Mr Santorum is not shy of sounding alarmist. He has identified Iran as the prime threat to the US and in a January debate in New Hampshire, he called the country's leaders "evil" and characterised its regime as a "mullah-tocracy".

He has said he would support airstrikes on Iran to stop the country obtaining nuclear weapons, a scenario, he warned an audience last Friday, that meant, "you will not be safe, not even here in Missouri".

Mr Santorum is also a firm supporter of Israel, to the extent that he has contradicted basic tenets of the US-sponsored peace process. The occupied West Bank, he said while campaigning in Iowa in November, is "legitimately Israeli country" on which Israeli settlement building should therefore not be considered controversial.

He is a co-sponsor of the 1995 Jerusalem Embassy Act, which stipulates that the city be recognised as the "undivided" capital of Israel, and like Mr Gingrich, Mr Santorum has vowed to move the US embassy in Israel to Jerusalem once in office.

Unlike Mr Gingrich, however, Mr Santorum has little personal baggage. Married 22 years to Karen Garver, the couple have eight children, and Mr Santorum has not had any problems in portraying himself as a traditional family man.

And while his positions on social issues, particularly his opposition to gay marriage and abortion, have seen the devout Roman Catholic lampooned on the US Left, they have played well with the religious hardcore of the Republican Party, particularly evangelical Christians.

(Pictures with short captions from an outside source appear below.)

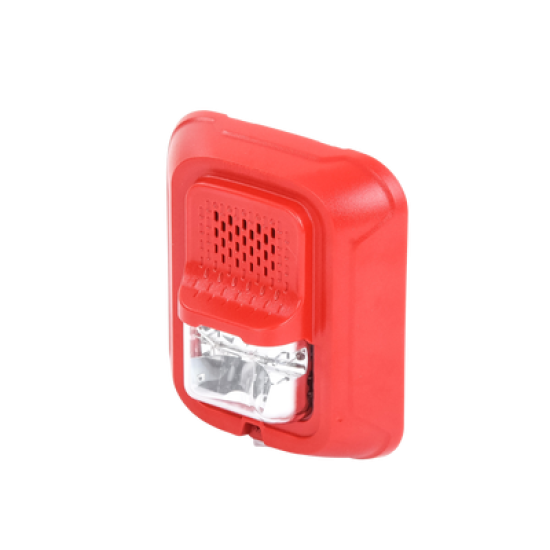 Sonorizador Tipo Chime con Lámpara Estroboscópica a 2 Hilos, Montaje en Pared, Color Rojo, con Configuración Estroboscópica Seleccionable, Nuevo Diseño Moderno y Elegante y Menor Consumo de Corriente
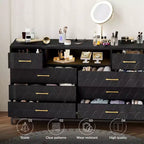 Meuble TV avec commode en bois à 8 tiroirs de 55 pouces. Commode avec lumières LED et prise de courant. Organisateur de rangement pour chambre à coucher, salon et placard.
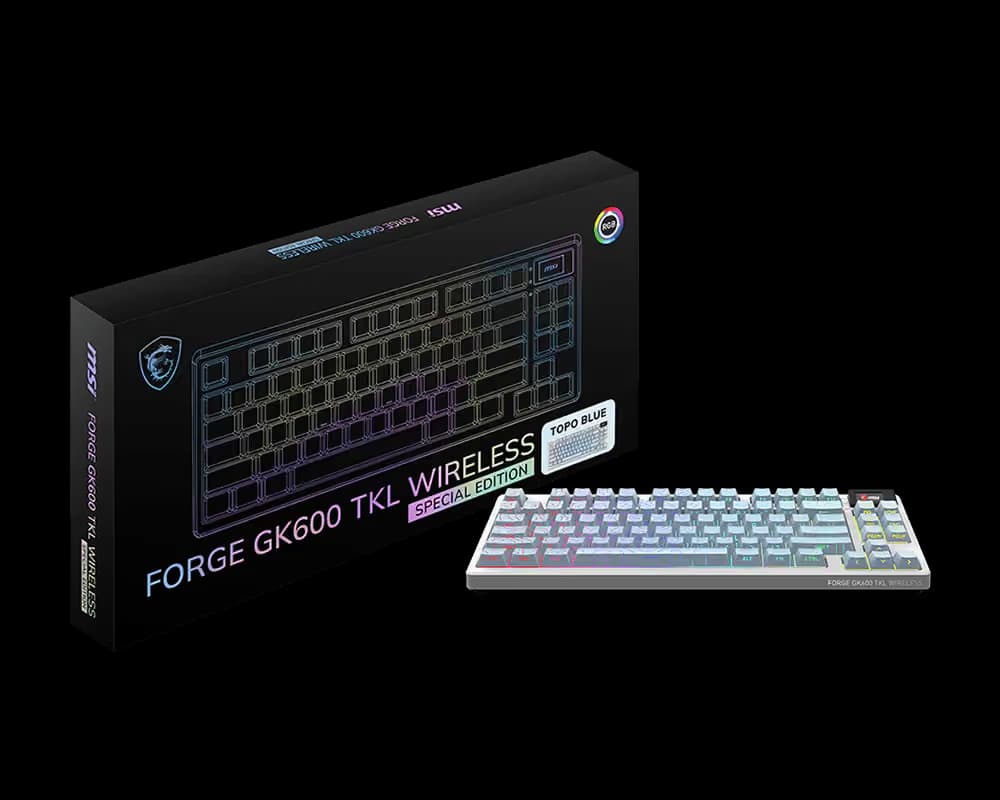 MSI FORGE GK600 TKL TOPO Blue Wireless Gaming Keyboard image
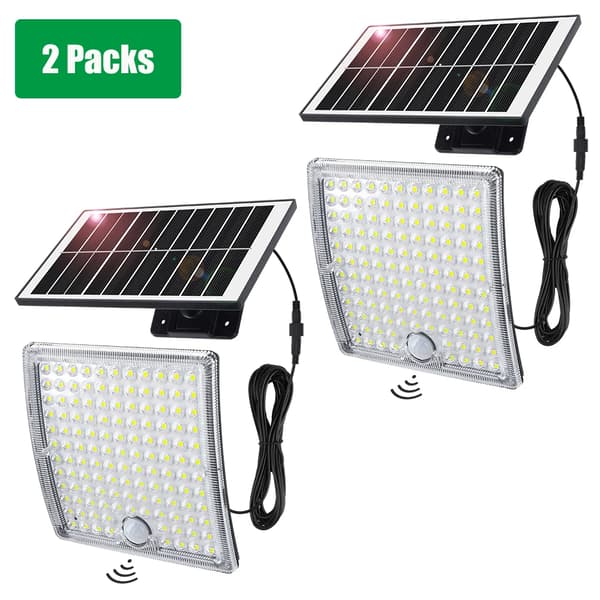 Solarlamper, bevægelsessensor, vejrbestandigt design,2PCS Buet Overflade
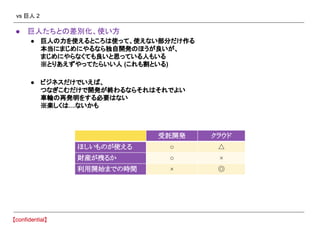 vs 巨人 2
● 巨人たちとの差別化、使い方
● 巨人の力を使えるところは使って、使えない部分だけ作る
本当にまじめにやるなら独自開発のほうが良いが、
まじめにやらなくても良いと思っている人もいる
※とりあえずやってたらいい人 (これも割といる)
● ビジネスだけでいえば、
つなぎこむだけで開発が終わるならそれはそれでよい
車輪の再発明をする必要はない
※楽しくは…ないかも
受託開発 クラウド
ほしいものが使える ○ △
財産が残るか ○ ×
利用開始までの時間 × ◎
 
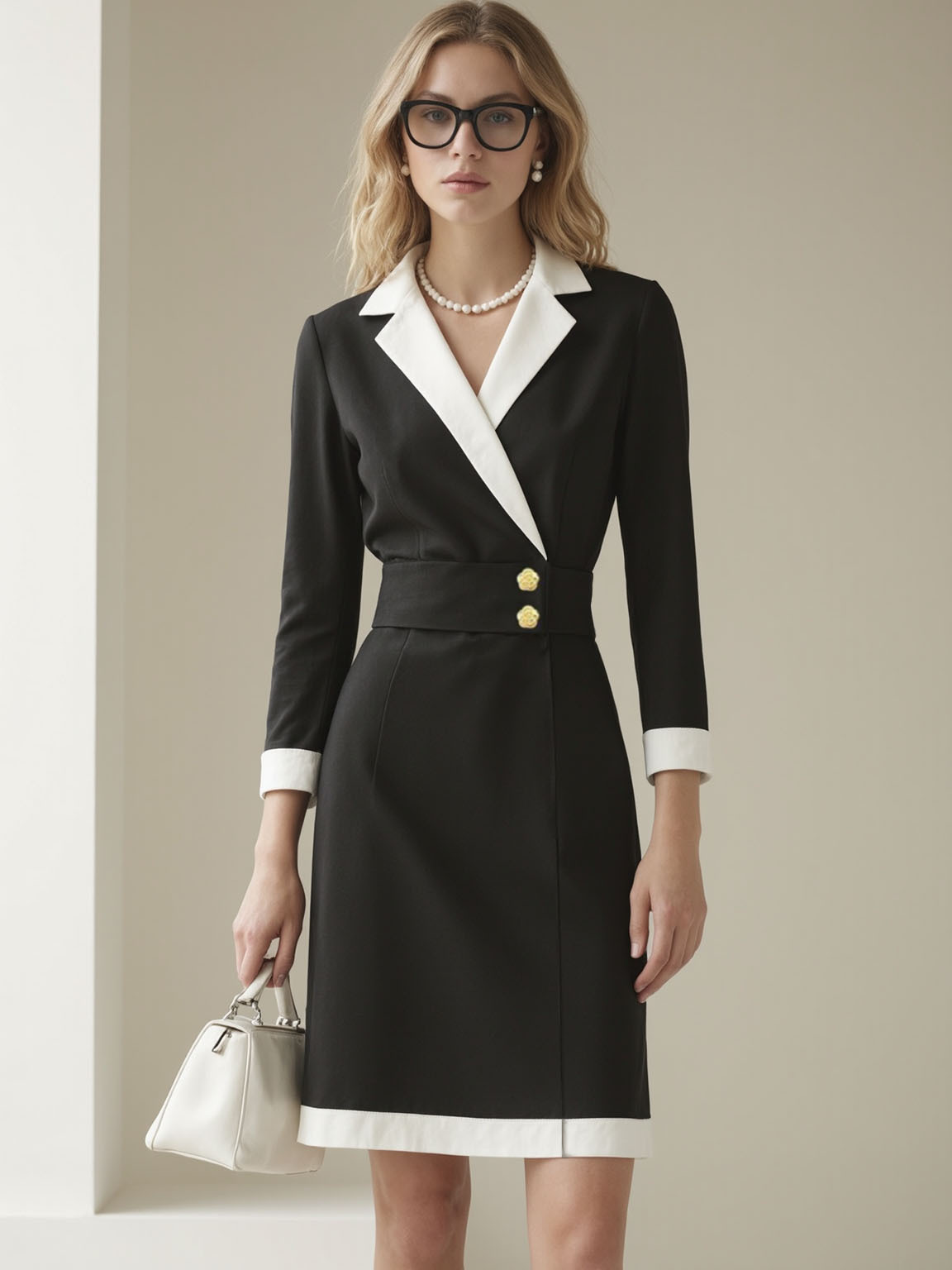 Work Daily Blazer Dress Lapel Long Sleeve Knee-Length Dress
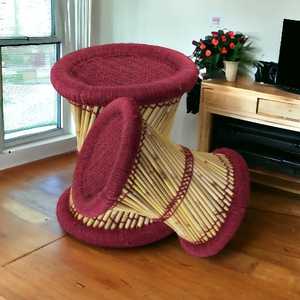 Tabouret en bambou traditionnel indien fait à la main Mudda rouge pour manger en plein air hôtel parc Antique Design Style os incrustation Console - Product Image 5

An important voting bloc in the Republican Party, the evangelicals are also attracted to Mr Santorum's beliefs that the theory of evolution is controversial and man-made climate change is "junk science".

By contrast, Mr Romney, a one-time supporter of the right to abortion, has never been able to appeal to right wing of the party, which also never warmed to Mr Gingrich and his serial adultery.

But Mr Santorum's staunch conservatism also makes him a problematic candidate in a general election where unguarded statements on social issues are likely to come back to haunt him.

He argued, for instance, that a recent decision by the Pentagon to ease restrictions on women in frontline combat could put missions in jeopardy because "other kinds of emotions are involved".

On Friday, Mr Santorum, who has never served in the military, was forced to defend that statement. What he meant, he told ABC news in an interview, was that "culturally" American men are focused on helping women.

"So my concern is that being in combat in that situation, instead of being focused on the mission, they might be more concerned about protecting a woman in a vulnerable position," he said.

Such statements are difficult to spin to a wider audience outside the conservative fringes of the Republican Party, and it is Mr Santorum's social positions rather than his foreign-policy bluster that are likely to cause Republicans to hesitate as they consider who is best suited to challenge Mr Obama in November.

Nevertheless, said Chris Wilson, a Washington-based Republican pollster, Mr Santorum has shown remarkable resilience. And that has paid off as he now turns his attention to wresting Michigan from Mr Romney in the next primary on February 28.

The key however, said Mr Wilson, will be Super Tuesday on March 6 when 10 states vote and 391 delegates out of the 1,144 needed to secure the nomination are at stake.

Should all four remaining candidates - Ron Paul, the veteran Texas congressman, rounds out the field - emerge with a significant number of delegates, Mr Wilson said the race - unusually - will likely go all the way to the Republican National Convention in Florida in August.